6. Visiting Forces Act 1952
Restriction, as respects certain offences, of trial by United Kingdom courts of offenders connected with visiting force.
(1) Subject to the provisions of this section, a person charged with an offence against United Kingdom law shall not be liable to be tried for that offence by a United Kingdom court if at the time when the offence is alleged to have been committed, he was a member of a visiting force or a member of a civilian component of such a force and—
(a) the alleged offence, if committed by him, arose out of and in the course of his duty as a member of that force or component, as the case may be; or ….

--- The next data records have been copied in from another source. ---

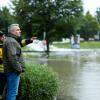 Österreichs Bundeskanzler Karl Nehammer  im vom Hochwasser-Gebiet: 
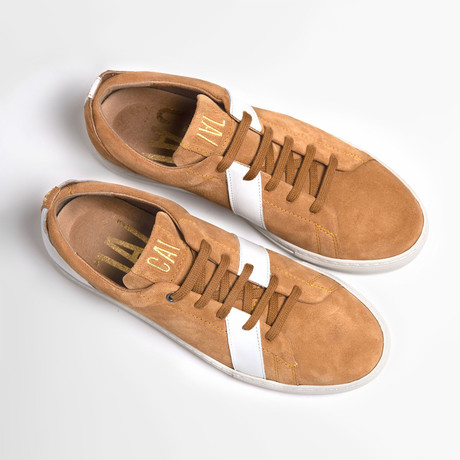 V&M Unisex Sneaker // Sahara Divine (EU Size 35)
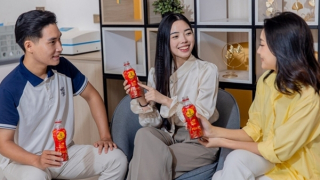 Nhiều người trẻ làm việc xuyên đêm tại các “xưởng deadline 24h” ngày cuối năm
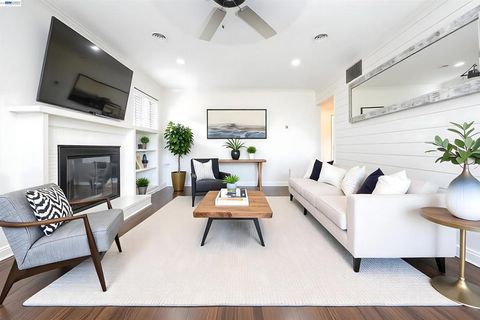 Photo of 1338 Thais Lane Ln, Hayward, CA 94544 (MLS # 41128387)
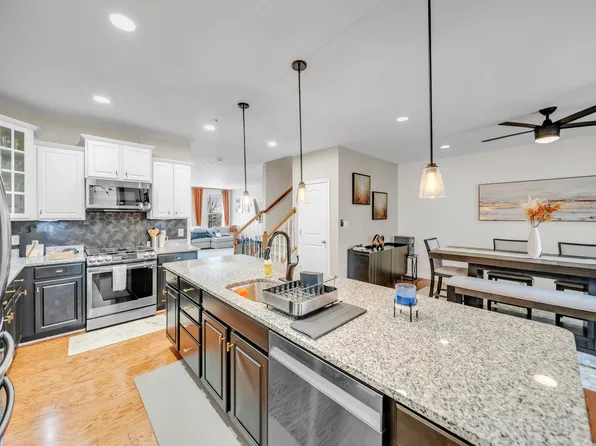 2609 Campus Way N, Glenarden, MD 20706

Evidence for purposes of Part I.
Where a person is charged with an offence against United Kingdom law and at the time when the offence is alleged to have been committed he was a member of a visiting force or a member of a civilian component of such a force, a certificate issued by or on behalf of the appropriate authority of the sending country, stating that the alleged offence, if committed by him, arose out of and in the course of his duty as a member of that force or component, as the case may be, shall in any such proceedings as aforesaid be sufficient evidence of that fact unless the contrary is proved.
The lack of precise definition as to the scope of official duty is dealt with by the issuing of a certificate by the US relevant authority. It provides a rebuttable presumption on whether an accused was acting in the performance of official duty.
In this case, there is such a certificate, issued by the Department of Air Force as per s.11(4) above.
7. It is accepted that she was ‘a member of a visiting force or a member of a civilian component of such a force’ and so s.3(1)(a)(1) is satisfied.
8. I have been provided various authorities. Smith v Stages is referred to and deals with a road traffic accident and the issue of whether the employer was vicariously liable for the accident of their employee. In that case, the employee was paid wages for the journey. Lord Goff stated in that case:
‘We can begin with the simple proposition that, in ordinary circumstances, when a man is travelling to or from his place of work he is not acting in the course of his employment …. Likewise, of course, he is not acting in the course of his employment when he is travelling home after his day’s work is over……… These are the normal cases. ‘
The case discusses exceptions. The travelling salesman or repairman and the person travelling on an emergency call out are cited.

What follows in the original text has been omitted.